Y Emilia no declinaba el disculparse, no cuando las razones eran justas y el perdón inexcusable. Su negación, sin embargo, se debía al dimite de aceptar culpas, a su sentir osado, ajenas. Pues de las injurias y censuras ganadas esa noche, ella pecaba nimiedad, y si aquel caballero que se presumía insumiso esperaba de su parte la iniciativa de una disculpa, no encontraría mas es su encomienda que el inevitable fracaso.

Por que el único gran defecto de la princesa Emilia era su necedad. Una que se acrecentaba ante la iniquidad y la injuria. Y que no estaba dispuesta a dejar.

Suspiro, cansada, como quien en vilo deja escapar su ultimo aliento. Regodearse podía en sus desgracias, con agria ironía pensaba, pues privada de acción y palabra como estaba, ni siquiera se atrevía a soñar con alguna posible salida o algún ingenioso escape. El rey no la escuchaba, el príncipe la odiaba y su familia la olvidaba. Sentía que cada vez se hundía mas en un abismo de imposibilidades del que dudaba alguna vez poder salir. Y de más gravedad le parecía la pérdida lenta y angustiosa de aquella brillante esperanza que con tanto fervor antes defendía. Que tan absurdamente mantenía. Nuevamente, se descubría ingenua.

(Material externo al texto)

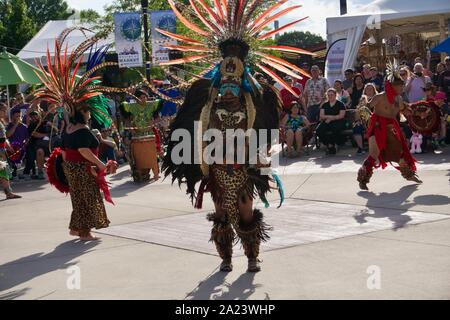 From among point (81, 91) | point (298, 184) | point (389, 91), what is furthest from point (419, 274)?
point (298, 184)

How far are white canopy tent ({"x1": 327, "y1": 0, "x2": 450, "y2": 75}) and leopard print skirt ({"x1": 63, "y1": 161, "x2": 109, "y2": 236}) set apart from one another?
11.6 meters

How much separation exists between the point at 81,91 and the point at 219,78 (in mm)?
2404

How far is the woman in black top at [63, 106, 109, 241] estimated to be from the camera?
27.6 ft

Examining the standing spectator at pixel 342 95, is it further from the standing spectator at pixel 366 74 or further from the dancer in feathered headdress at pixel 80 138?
the dancer in feathered headdress at pixel 80 138

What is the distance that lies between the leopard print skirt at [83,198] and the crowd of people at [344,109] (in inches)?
272

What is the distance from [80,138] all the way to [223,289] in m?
2.97

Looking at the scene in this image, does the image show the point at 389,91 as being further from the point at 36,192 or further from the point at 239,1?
the point at 36,192

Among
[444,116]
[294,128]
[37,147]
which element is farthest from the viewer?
[294,128]

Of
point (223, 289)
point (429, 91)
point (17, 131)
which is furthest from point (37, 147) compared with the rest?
point (223, 289)

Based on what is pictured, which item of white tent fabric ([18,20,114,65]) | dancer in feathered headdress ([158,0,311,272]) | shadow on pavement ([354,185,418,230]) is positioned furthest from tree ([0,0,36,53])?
dancer in feathered headdress ([158,0,311,272])

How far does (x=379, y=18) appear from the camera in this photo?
18625 mm

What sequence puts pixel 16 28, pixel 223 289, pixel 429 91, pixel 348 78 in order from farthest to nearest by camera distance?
1. pixel 16 28
2. pixel 348 78
3. pixel 429 91
4. pixel 223 289

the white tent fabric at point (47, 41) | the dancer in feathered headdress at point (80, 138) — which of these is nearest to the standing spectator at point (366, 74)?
the dancer in feathered headdress at point (80, 138)

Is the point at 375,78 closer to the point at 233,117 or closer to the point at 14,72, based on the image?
the point at 14,72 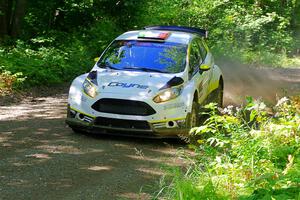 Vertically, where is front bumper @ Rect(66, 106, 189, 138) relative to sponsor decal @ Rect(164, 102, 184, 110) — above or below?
below

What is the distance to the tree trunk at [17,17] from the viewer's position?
19.2 m

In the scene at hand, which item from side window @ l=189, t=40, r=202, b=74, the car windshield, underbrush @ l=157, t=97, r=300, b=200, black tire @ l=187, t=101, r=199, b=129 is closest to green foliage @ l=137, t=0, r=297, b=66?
side window @ l=189, t=40, r=202, b=74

Abandonó sus pensamientos al escuchar el llamado de la puerta. Sin voltearse ni moverse cedió el pasó, escuchando rápidamente el sutil crujir de la madera y el sonido mesurado de pasos acercándose. Oyó, distante, la voz alegre y apenada de Lena acompañada del característico tintinar de la plata y el cobre. Se giró discretamente, viéndola colocar aquella reluciente charola entre sus manos, cubierta con frutas y otros dulces manjares, en la pequeña mesa junto a su librero, e inclinándose inmediatamente después con deferencia.

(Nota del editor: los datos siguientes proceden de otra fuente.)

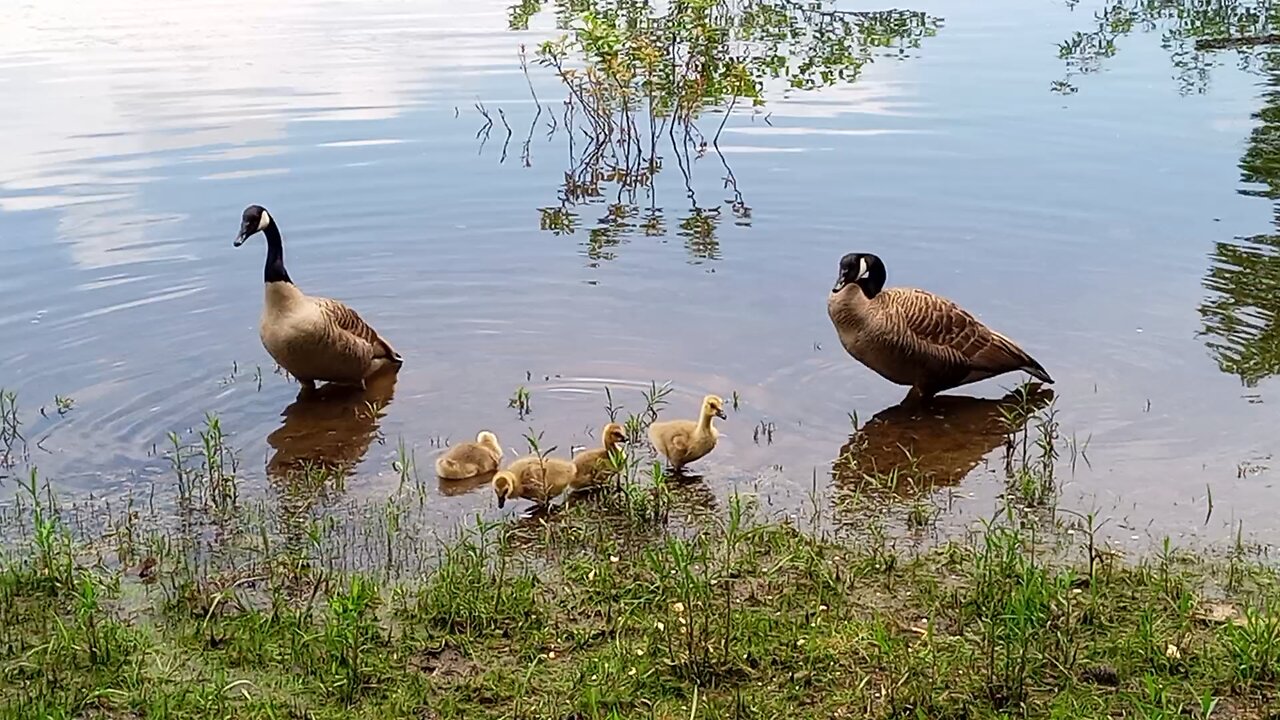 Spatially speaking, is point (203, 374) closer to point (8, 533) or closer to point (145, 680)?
point (8, 533)

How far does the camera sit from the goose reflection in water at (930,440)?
8.29 meters

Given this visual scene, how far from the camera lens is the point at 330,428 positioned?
952 centimetres

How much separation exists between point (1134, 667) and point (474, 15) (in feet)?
80.4

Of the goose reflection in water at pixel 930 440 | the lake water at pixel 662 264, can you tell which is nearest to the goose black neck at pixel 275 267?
the lake water at pixel 662 264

—Su alteza, le he traído algunos aperitivos mientras aguarda a la cena—.

La princesa Emilia casi cerro los ojos ante su tono y actitud formal. Sin importar las semanas o los días, la cotidianeidad o el trato, su joven dama aún se negaba renuentemente a dirigirse a ella con un afán menos puntual. Y aunque, alegando a su fe, le había prometido ser paciente y comprensiva con dicho aspecto, no podía evitar el ardid de incomodidad y extrañeza que siempre la afligía al escucharla. Al igual que un loás sentimiento de melancolía que no sabia explicar, que le era difícil definir.

Con un respiro, se volteo completamente hacia ella, el viento ondeando suavemente su vestido, brillante e idílica su figura. Junto sus manos al frente y relajo su postura. Su rostro mostrando una sonrisa que en su agonía luchaba por parecer sincera.